G-Node/nix

concurrent reads on a file unsafe

Ott-Alexander opened this issue · 10 comments

There is a way to built HDF5-lib in thread-safe mode, which allows concurrent reads but that is only for C officially supported.
https://portal.hdfgroup.org/display/knowledge/Questions+about+thread-safety+and+concurrent+access

Wait, concurrent reads are unsafe?
The linked FAQ says

Does HDF5 support concurrent access to a single dataset from multiple processes?
If all processes are reading, then, yes, HDF5 (serial) does support this.

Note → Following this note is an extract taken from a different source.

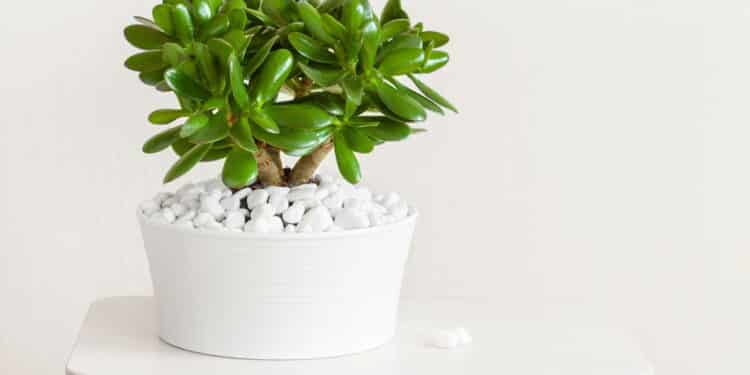 Plantas do Feng Shui que transformam a energia da sua casa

Reading while writing is also "safe" (in that there is no possibility of on-disk corruption) but the reader might be getting inconsistent data.

gicmo commented

NB: we are not using the official C++ bindings, but have our own version. They are a thin layer on top of the C library and I don't think they are done in a non-thread-safe way; but I am not 100% sure. They would need to be checked.

Doesn't everything use the core C library at the end of the day (h5py included)?

gicmo commented

@achilleas-k sure, but in the C++ one could cache/re-use handles or what not that makes it non-thread safe/aware.

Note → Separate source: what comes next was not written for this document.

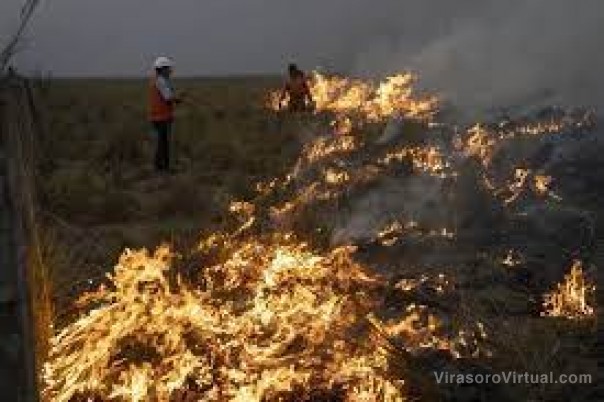 Productores correntinos calculan pérdidas de casi $70.000 millones por los incendios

@gicmo Good point. Had not considered.

Back to the original issue: Are concurrent reads unsafe?

gicmo commented

I don't think so, I can't think of something funny we do, that would make them. @nyxas you have any indication of reads being a problem? Crashes?

In nixview i'm currently building a way to load more data for plots and for that i'm using a second thread.
When it loads more data there a some seemingly random instances where it throws one of two errors.
After the first one nixview crashes completely the second one doesn't have any obvious consequences.
(going to push my branch soon and link to it)

Error 1:
#000: ../../../src/H5L.c line 813 in H5Lexists(): not a location
major: Invalid arguments to routine
minor: Inappropriate type
#1: ../../../src/H5Gloc.c line 195 in H5G_loc(): invalid group ID
major: Invalid arguments to routine
minor: Bad value

and error 2:

HDF5-DIAG: Error detected in HDF5 (1.8.16) thread 140473211713280:
#000: ../../../src/H5I.c line 1384 in H5Idec_ref(): can't decrement ID ref count
major: Object atom
minor: Unable to decrement reference count
#1: ../../../src/H5I.c line 1491 in H5I_dec_app_ref(): can't decrement ID ref count
major: Object atom
minor: Unable to decrement reference count
#2: ../../../src/H5I.c line 1421 in H5I_dec_ref(): can't locate ID
major: Object atom
minor: Unable to find atom information (already closed?)

So finally pushed it.

The errors occur in getAxis() in the LoadingThread. (line 112)
But the function only gets copies of the members, so there should be, as far as i know, no way for the main thread to interfere with it during this function, except if they can't both read the file at the same time.
https://github.com/Nyxas/NixView/blob/lineplotter_rework2/utils/loadthread.cpp

I built in a delay in run() before it starts and since then get no problems, but I can't say for sure if it's just very rare because it runs only rarely, or it is 'fixed' because the lineplotter doesn't access the DataArray anymore.

And the lineplotter that controls the Thread:
https://github.com/Nyxas/NixView/blob/lineplotter_rework2/plotter/lineplotter.cpp

I think both threads call functions on the dimension of the array at the same time.
In loadthread during the getAxis() and in lineplotter during the calcStartExtent() (line 141) and checkForMoreData() (line 457).
I tested them and they also throw the same errors

Closing this for now: The current state is that concurrent access to the file should be avoided.